[Start of Attachment]

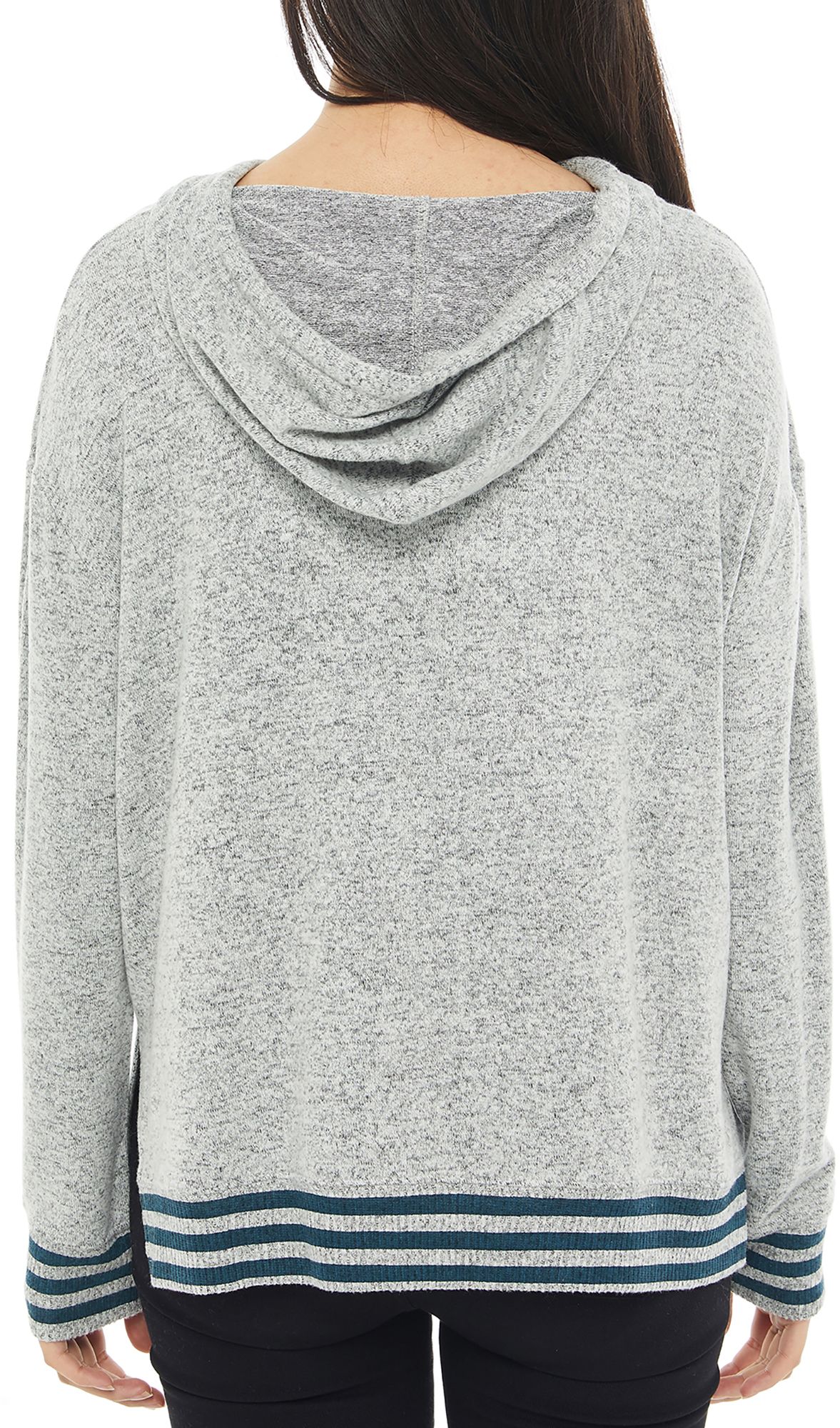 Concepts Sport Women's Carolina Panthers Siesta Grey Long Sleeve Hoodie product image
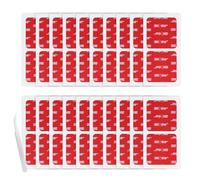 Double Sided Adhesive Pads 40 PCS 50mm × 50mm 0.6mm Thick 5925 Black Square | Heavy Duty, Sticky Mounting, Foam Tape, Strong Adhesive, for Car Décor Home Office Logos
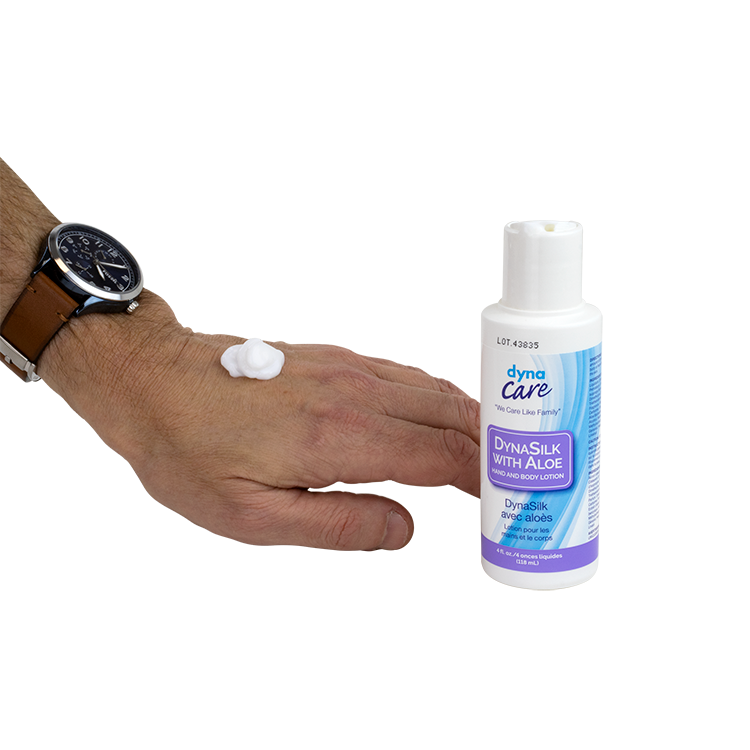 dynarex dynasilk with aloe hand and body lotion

[End of Attachment]

**About this exercise**
A word-for-word repetition of the data above, without pictures, is the expected answer.

**Answer for the task**
 Concepts Sport Women's Carolina Panthers Siesta Grey Long Sleeve Hoodie product image
 Double Sided Adhesive Pads 40 PCS 50mm × 50mm 0.6mm Thick 5925 Black Square | Heavy Duty, Sticky Mounting, Foam Tape, Strong Adhesive, for Car Décor Home Office Logos
 dynarex dynasilk with aloe hand and body lotion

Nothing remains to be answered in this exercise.